# Autoscale Cluster With Horizontal Pod Autoscaling

DigitalOcean Kubernetes (DOKS) is a Kubernetes service with a fully managed control plane, high availability, and autoscaling. DOKS integrates with standard Kubernetes toolchains and DigitalOcean’s load balancers, volumes, CPU and GPU Droplets, API, and CLI.

[Cluster Autoscaling (CA)](https://docs.digitalocean.com/products/kubernetes/how-to/autoscale/index.html.md) manages the number of nodes in a cluster. It monitors the number of idle pods, or unscheduled pods sitting in the `pending` state, and uses that information to determine the appropriate cluster size.

[Horizontal Pod Autoscaling (HPA)](https://kubernetes.io/docs/tasks/run-application/horizontal-pod-autoscale/) adds more pods and replicas based on events like sustained CPU spikes.

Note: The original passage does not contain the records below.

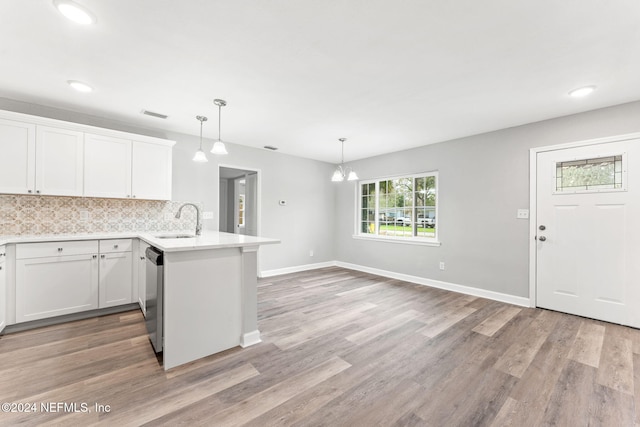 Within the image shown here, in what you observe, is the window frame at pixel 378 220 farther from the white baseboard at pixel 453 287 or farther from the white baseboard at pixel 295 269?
the white baseboard at pixel 295 269

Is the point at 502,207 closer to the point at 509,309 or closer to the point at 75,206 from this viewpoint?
the point at 509,309

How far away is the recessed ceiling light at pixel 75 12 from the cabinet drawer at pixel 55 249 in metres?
2.28

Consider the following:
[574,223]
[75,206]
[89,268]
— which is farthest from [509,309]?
[75,206]

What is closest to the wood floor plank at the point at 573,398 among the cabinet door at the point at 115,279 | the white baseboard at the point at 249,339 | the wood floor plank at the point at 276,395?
the wood floor plank at the point at 276,395

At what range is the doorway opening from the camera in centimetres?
508

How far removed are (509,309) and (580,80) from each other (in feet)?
8.71

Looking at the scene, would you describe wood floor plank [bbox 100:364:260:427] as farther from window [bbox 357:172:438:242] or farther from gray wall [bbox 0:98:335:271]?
window [bbox 357:172:438:242]

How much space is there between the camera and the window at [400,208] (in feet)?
15.4

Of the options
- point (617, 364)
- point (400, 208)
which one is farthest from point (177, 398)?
point (400, 208)

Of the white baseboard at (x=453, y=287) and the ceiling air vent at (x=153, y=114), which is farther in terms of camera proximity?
the white baseboard at (x=453, y=287)

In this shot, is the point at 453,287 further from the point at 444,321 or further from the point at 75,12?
the point at 75,12

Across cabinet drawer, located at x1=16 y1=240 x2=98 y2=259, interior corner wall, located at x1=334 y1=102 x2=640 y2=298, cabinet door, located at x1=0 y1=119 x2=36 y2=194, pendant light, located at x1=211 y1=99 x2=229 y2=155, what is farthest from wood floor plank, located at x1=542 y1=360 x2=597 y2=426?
cabinet door, located at x1=0 y1=119 x2=36 y2=194

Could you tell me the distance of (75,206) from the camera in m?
3.34

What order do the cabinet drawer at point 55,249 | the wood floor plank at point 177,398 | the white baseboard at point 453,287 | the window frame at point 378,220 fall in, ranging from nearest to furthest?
1. the wood floor plank at point 177,398
2. the cabinet drawer at point 55,249
3. the white baseboard at point 453,287
4. the window frame at point 378,220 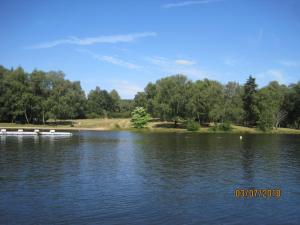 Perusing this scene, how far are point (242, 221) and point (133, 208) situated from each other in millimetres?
8635

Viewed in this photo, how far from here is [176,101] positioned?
155 m

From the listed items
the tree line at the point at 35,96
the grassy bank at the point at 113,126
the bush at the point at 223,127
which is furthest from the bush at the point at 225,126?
the tree line at the point at 35,96

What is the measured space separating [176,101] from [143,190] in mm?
120685

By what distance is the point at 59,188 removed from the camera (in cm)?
3597

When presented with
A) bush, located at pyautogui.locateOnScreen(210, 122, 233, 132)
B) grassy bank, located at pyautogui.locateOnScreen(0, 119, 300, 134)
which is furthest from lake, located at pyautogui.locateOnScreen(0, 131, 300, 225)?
grassy bank, located at pyautogui.locateOnScreen(0, 119, 300, 134)

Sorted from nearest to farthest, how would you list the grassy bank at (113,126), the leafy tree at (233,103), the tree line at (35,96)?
the tree line at (35,96)
the grassy bank at (113,126)
the leafy tree at (233,103)

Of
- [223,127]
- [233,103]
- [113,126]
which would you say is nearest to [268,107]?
[233,103]

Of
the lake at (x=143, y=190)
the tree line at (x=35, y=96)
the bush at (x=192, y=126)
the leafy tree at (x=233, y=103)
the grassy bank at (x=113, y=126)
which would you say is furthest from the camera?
the leafy tree at (x=233, y=103)

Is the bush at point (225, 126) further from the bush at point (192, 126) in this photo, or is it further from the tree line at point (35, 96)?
the tree line at point (35, 96)

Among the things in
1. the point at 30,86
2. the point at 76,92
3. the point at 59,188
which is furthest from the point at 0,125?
the point at 59,188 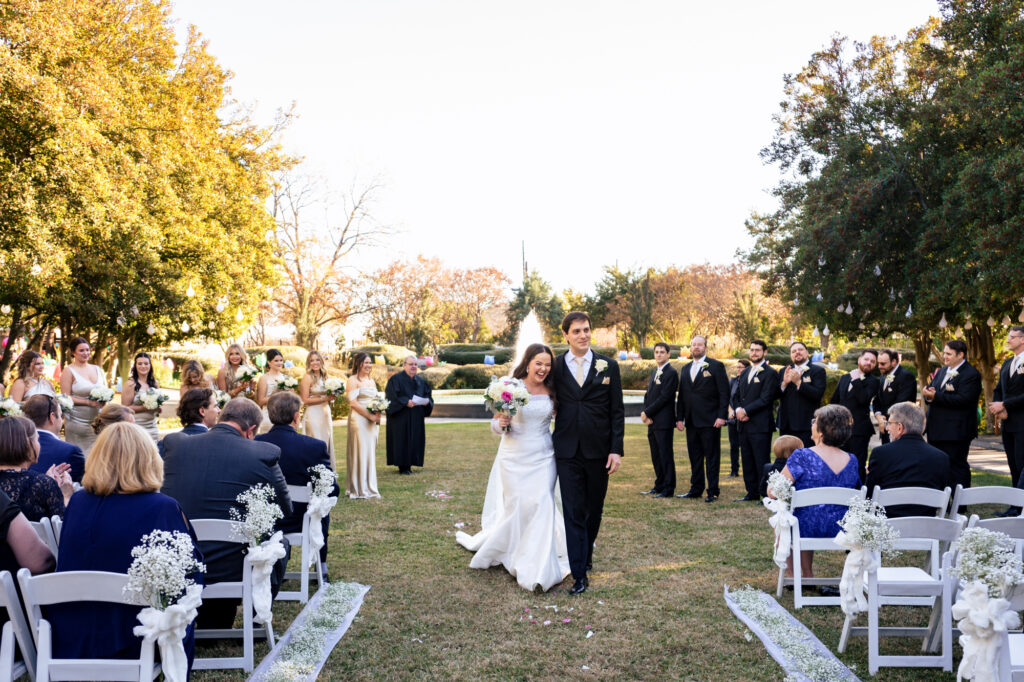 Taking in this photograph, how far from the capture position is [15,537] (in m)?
3.71

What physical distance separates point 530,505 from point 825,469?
93.1 inches

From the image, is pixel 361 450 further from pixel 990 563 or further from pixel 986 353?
pixel 986 353

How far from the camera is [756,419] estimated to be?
10312 millimetres

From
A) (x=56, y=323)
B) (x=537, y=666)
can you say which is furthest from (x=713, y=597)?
(x=56, y=323)

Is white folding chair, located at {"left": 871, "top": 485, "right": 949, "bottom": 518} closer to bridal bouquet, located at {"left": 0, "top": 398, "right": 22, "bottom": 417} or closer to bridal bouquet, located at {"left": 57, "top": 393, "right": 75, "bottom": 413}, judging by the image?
bridal bouquet, located at {"left": 0, "top": 398, "right": 22, "bottom": 417}

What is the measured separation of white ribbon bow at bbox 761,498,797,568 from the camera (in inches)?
224

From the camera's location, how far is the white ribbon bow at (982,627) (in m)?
3.22

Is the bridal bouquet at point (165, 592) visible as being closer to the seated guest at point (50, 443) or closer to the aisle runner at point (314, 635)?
the aisle runner at point (314, 635)

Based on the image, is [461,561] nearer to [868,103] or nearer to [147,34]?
[868,103]

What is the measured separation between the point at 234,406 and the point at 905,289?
15907mm

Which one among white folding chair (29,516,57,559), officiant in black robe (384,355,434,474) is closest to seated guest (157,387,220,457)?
white folding chair (29,516,57,559)

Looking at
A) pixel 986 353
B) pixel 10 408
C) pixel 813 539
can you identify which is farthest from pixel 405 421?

HPA uses the spare capacity of the existing nodes and does not change the cluster’s size.

CA and HPA can work in conjunction: if the HPA attempts to schedule more pods than the current cluster size can support, then the CA responds by increasing the cluster size to add capacity. These tools can take the guesswork out of estimating the needed capacity for workloads while controlling costs and managing cluster performance.

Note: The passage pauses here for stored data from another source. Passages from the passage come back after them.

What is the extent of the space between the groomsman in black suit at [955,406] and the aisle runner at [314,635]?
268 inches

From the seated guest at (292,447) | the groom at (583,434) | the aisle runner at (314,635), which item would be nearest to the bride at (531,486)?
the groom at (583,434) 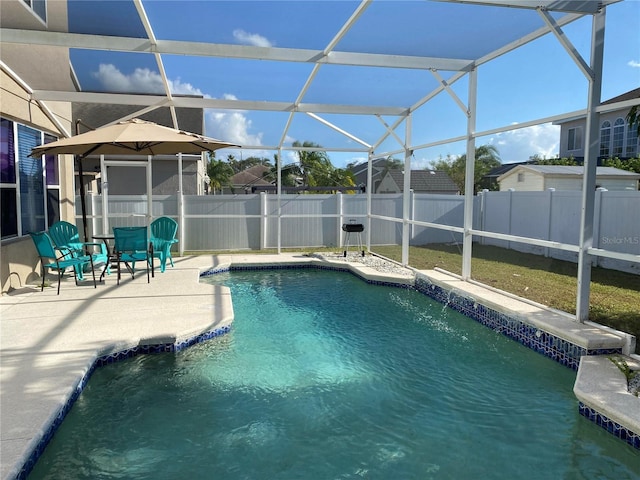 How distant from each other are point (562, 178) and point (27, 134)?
14205mm

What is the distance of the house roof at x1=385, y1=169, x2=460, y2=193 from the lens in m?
27.8

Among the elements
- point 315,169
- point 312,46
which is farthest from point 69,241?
point 315,169

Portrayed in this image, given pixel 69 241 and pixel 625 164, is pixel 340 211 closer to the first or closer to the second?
pixel 69 241

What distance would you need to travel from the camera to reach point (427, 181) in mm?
28562

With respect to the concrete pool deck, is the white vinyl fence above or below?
above

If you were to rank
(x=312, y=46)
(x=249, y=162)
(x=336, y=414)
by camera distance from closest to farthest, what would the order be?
(x=336, y=414)
(x=312, y=46)
(x=249, y=162)

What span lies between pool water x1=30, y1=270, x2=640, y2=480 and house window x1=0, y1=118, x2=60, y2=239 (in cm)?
381

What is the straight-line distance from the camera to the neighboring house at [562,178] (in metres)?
12.7

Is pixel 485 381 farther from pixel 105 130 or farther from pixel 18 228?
pixel 18 228

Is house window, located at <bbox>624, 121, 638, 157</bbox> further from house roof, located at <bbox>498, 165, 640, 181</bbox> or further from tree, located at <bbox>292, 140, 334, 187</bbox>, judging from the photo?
tree, located at <bbox>292, 140, 334, 187</bbox>

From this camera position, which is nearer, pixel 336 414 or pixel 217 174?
pixel 336 414

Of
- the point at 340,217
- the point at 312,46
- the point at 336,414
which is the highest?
the point at 312,46

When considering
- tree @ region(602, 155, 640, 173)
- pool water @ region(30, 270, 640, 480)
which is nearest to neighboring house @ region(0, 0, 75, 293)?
pool water @ region(30, 270, 640, 480)

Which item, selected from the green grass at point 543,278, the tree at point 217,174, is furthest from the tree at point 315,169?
the green grass at point 543,278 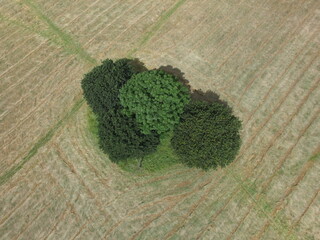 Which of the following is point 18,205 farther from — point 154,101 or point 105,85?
point 154,101

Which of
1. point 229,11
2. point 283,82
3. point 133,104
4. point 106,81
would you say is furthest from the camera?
point 229,11

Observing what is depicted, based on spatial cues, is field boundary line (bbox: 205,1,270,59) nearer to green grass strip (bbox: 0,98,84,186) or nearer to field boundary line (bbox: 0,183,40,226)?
green grass strip (bbox: 0,98,84,186)

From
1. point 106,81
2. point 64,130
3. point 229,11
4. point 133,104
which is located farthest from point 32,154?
point 229,11

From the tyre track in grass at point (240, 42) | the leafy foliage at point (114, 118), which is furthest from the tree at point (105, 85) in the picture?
the tyre track in grass at point (240, 42)

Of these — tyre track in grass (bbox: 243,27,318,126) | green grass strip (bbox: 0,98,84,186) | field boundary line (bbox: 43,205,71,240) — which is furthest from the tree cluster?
green grass strip (bbox: 0,98,84,186)

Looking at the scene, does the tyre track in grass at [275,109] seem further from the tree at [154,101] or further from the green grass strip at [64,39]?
the green grass strip at [64,39]

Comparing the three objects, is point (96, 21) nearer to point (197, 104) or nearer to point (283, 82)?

In this tutorial, you deploy an example application that simulates workloads so you can see how the interaction between the CA and the HPA works, both when scaling up in response to demand and scaling down as load decreases.

**Note**: Autoscaling works best with stateless applications with multiple instances of the application accepting traffic in parallel. We do not recommend using this tutorial’s autoscaling strategy for more complex processes. For example, for processes such as database autoscaling, this strategy cannot account for race conditions, data integrity, data synchronization, and constant additions and removals of database cluster members.

## Prerequisites

To run the example application, you need to set up two tools:

1. [Install `doctl`](https://github.com/digitalocean/doctl), the DigitalOcean command-line tool, v1.32.2 or higher.
2. [Install `kubectl`](https://kubernetes.io/docs/tasks/tools/install-kubectl/), the Kubernetes command-line tool.

## Set Up Autoscaling-Enabled Cluster

You can [enable autoscaling](https://docs.digitalocean.com/products/kubernetes/how-to/autoscale/index.html.md) on an existing cluster for this tutorial.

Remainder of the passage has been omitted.